November 30, 2011 / 4:49 AM / in 6 years

Analysis: AMR bankruptcy clouds Boeing jet order

(Reuters) - Boeing (BA.N) could be at a disadvantage to Airbus because the bankruptcy of AMR Corp AMR.N, the parent of American Airlines, places up to $40 billion of jet orders at the mercy of a U.S. bankruptcy court, lawyers and bankruptcy experts said.

It faces a lengthy await for confirmation of a key order for 100 of its latest type of jet, a fuel-efficient version of its best-selling 737, hampering efforts to level the playing field with rival Airbus EAD.PA after a patchy 2011. AMR filed for bankruptcy on Tuesday.

The planemakers are jostling to refresh their short-haul models with new engines in response to a clamor for fuel savings from airlines.
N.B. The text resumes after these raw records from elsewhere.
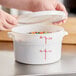 A white Choice round food storage container with a lid open, filled with colorful candies.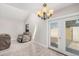 Bright living room space features tiled floors and a view of french doors at 1342 W Emerald Ave # 381, Mesa, AZ 85202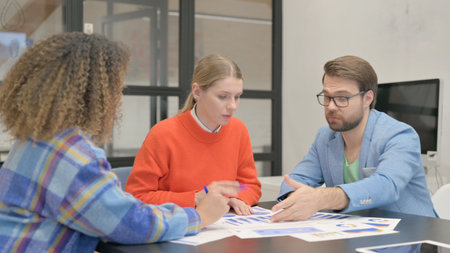 Mixed Race Entrepreneurs Doing Paperwork in Office Together
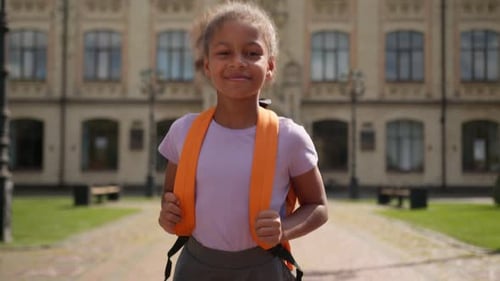 Cheerful Girl Running to School with Backpack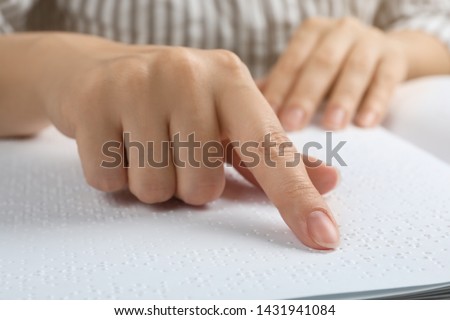 Blind person reading book written in Braille, closeup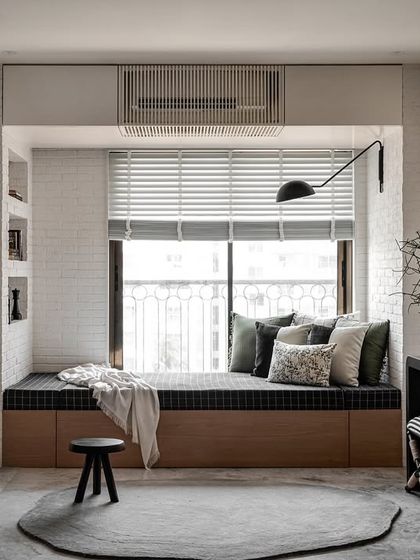 This versatile space serves as both a living area and a guest room. The cozy daybed with black plaid upholstery is set against a white brick wall with built-in book niches, creating a perfect reading nook that is both stylish and functional.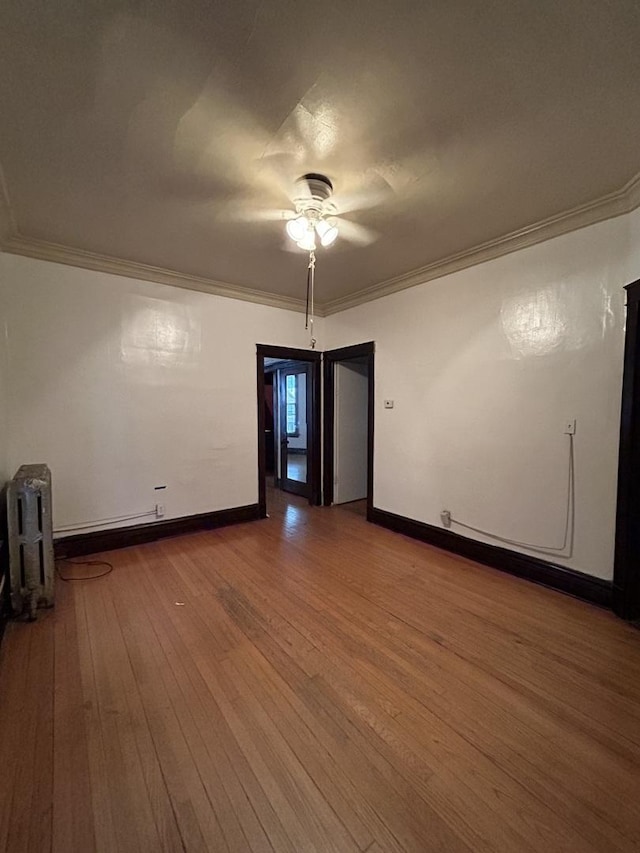 empty room with hardwood / wood-style flooring, ceiling fan, and crown molding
The Airbus project is about a year ahead of Boeing’s and the European planemaker has won firm or provisional sales of 1,450 revamped A320neo aircraft, more than twice the 700 provisional agreements for the competing Boeing 737 MAX.

Blaming high costs, AMR, the third-largest U.S. airline, took cover from creditors just four months after bathing in glory with an order for 460 Airbus EAD.N and Boeing jetliners.
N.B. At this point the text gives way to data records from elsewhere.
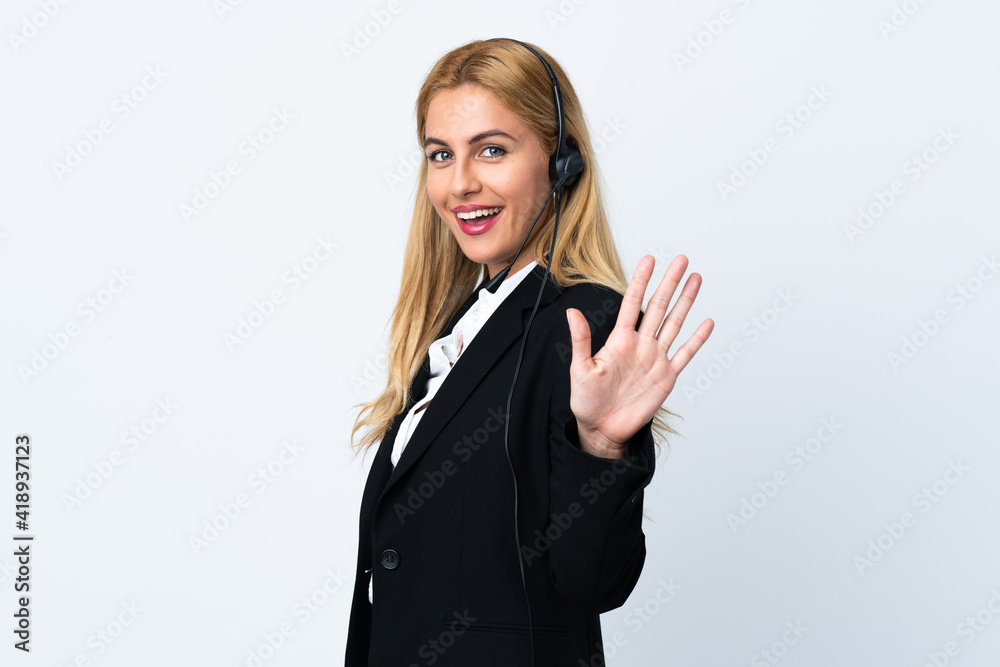 Young telemarketer woman over isolated white background saluting with hand with happy expression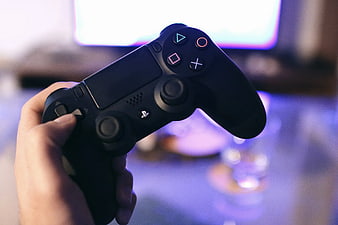 Hand holding black PlayStation controller with blurred screen background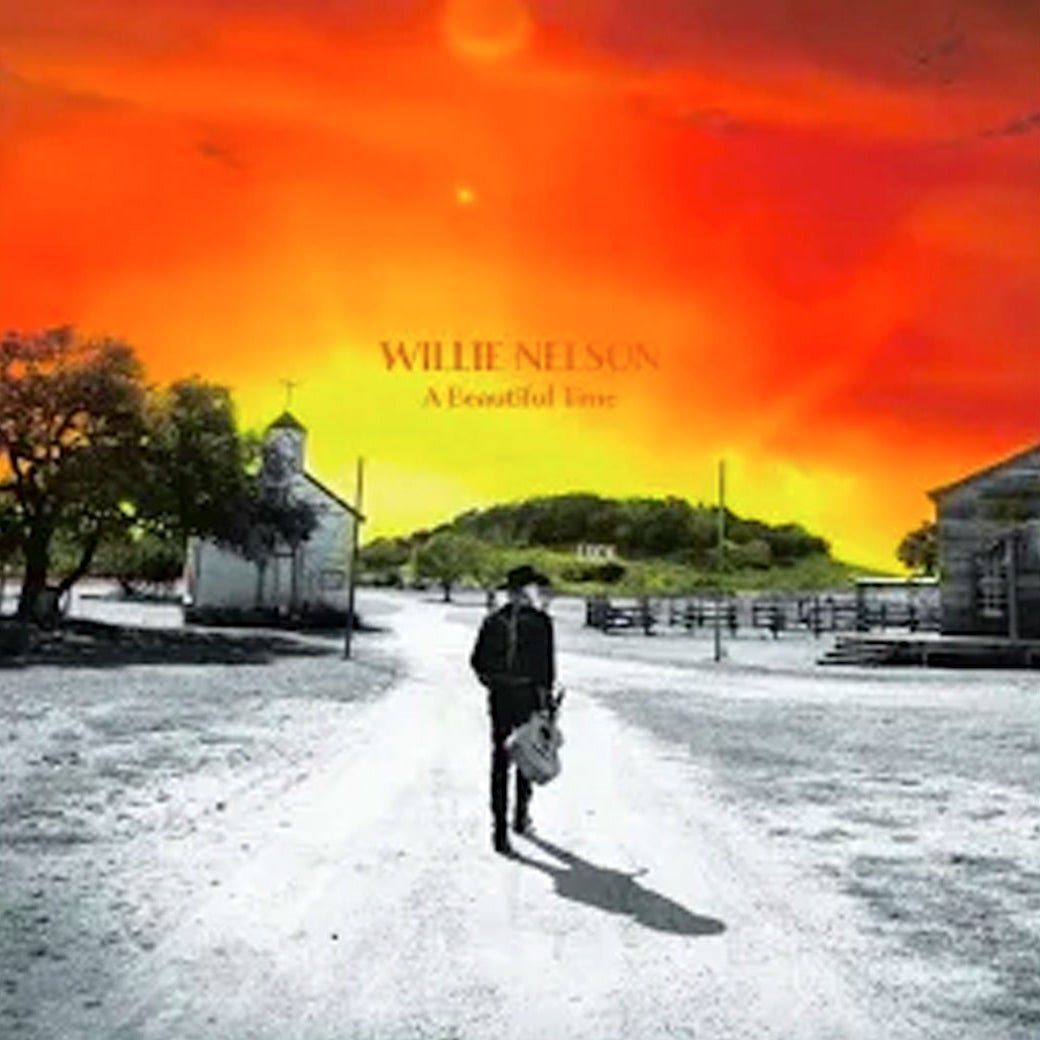 The cover art is Willie Nelson in an old western town against a very orange sky.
Airbus walked away with the majority of the sale and pushed its rival to change strategy by successfully wooing a gold-standard Boeing customer that had not bought European for years.

Boeing salvaged part of the deal by agreeing to match the Airbus “re-engining” strategy, rather than investing more time and money in a bolder redesign to try to leapfrog its rival.
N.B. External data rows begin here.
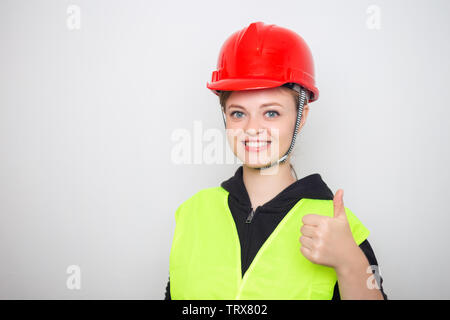 Giovane donna caucasica indossando sicurezza rosso di elmetto e giubbotto, sorridente con il pollice in alto Foto Stock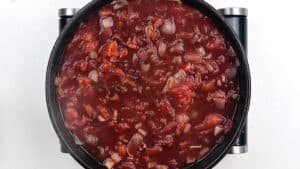 tomato sauce with red wine simmering in a pan
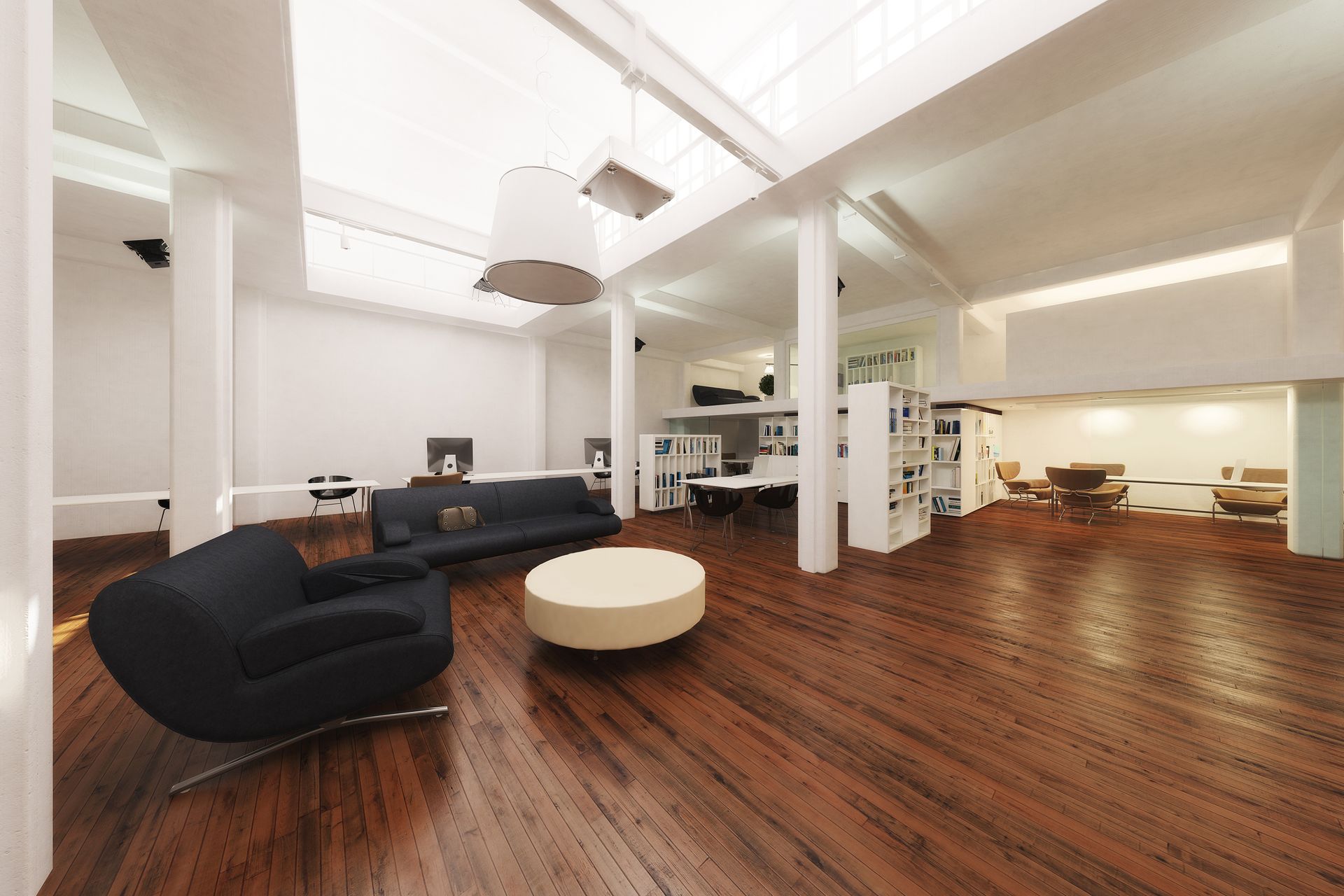 Spacious open-plan living area with hardwood floors, dark furniture, and white columns.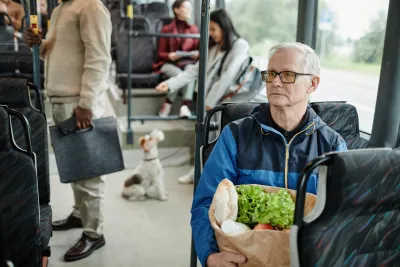 Elderly man holding a paper bag of groceries sitting on public bus.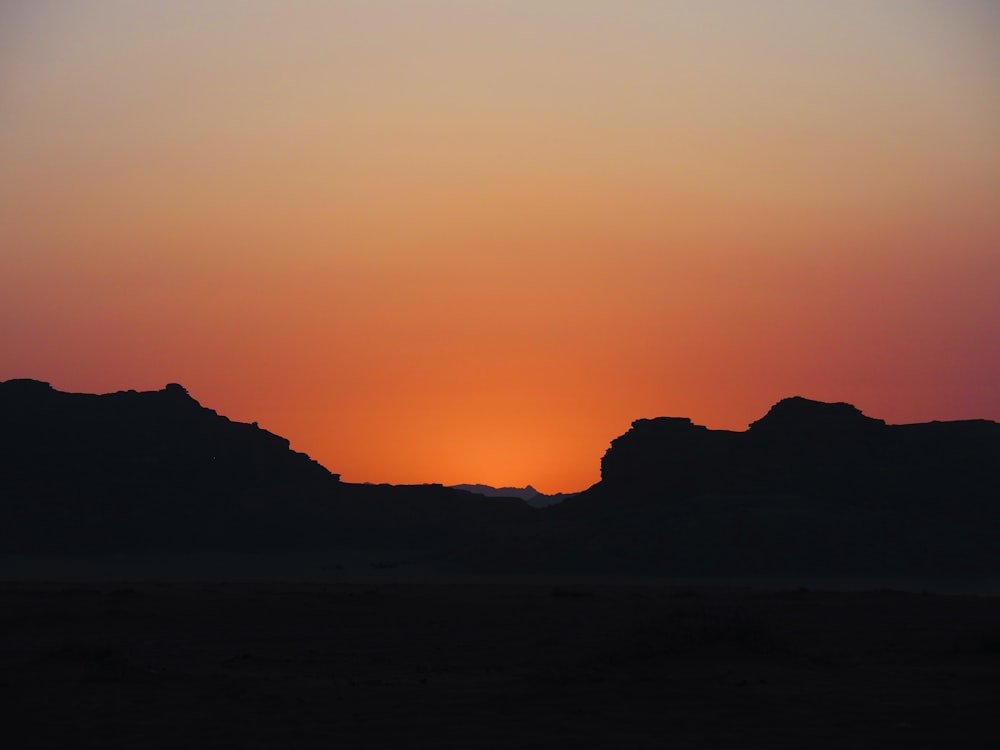 a sunset over a mountain range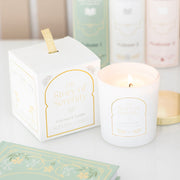 The Story of Serenity Coconut & Vanilla Candle lit in frosted white jar with gold lid, shown beside elegant illustrated gift box.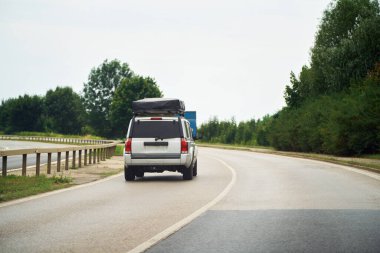 Çatısı kargo kutusu ve yolda uyku çadırı olan bir araba.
But the change came too late to allow designers to finish plans and prices for the 737 MAX, forcing Boeing to settle for a draft deal which it has yet to translate into a binding order.

Under the U.S. system, a bankruptcy court can reaffirm or reject contracts that involve spending a troubled company’s money during the 18-month breathing space offered by Chapter 11 reorganization.

But it is generally harder to persuade a court to authorize significant new obligations ahead of a full reorganization plan, although exceptions can be made to preserve the core business.

“The court would be extremely reluctant to approve entering into a new agreement at a time when the shape and direction of the reorganization plan is uncertain,” said Stephen Selbst, a partner at New York law firm Herrick, Feinstein LLP.

BOEING CONFIDENT

Most industry analysts believe both sets of orders will go ahead barring a fresh economic upset. That is because American desperately needs new aircraft to reduce its fuel costs. It is expected to retire older planes as part of its reorganization.

But the Boeing order remains on ice during a slippery time for the global economy, meaning a further delay is not entirely without risk. Boeing had also hoped to add momentum to its wider sales campaign by tying up the prestigious order.

Delays may also give time for lessors to reflect on their involvement in the deal, which depends heavily on financing, as fast-growing emerging-market carriers fight over the same jets.

“My guess is that today Boeing wish they had a firm order,” said an independent industry executive, asking not to be named.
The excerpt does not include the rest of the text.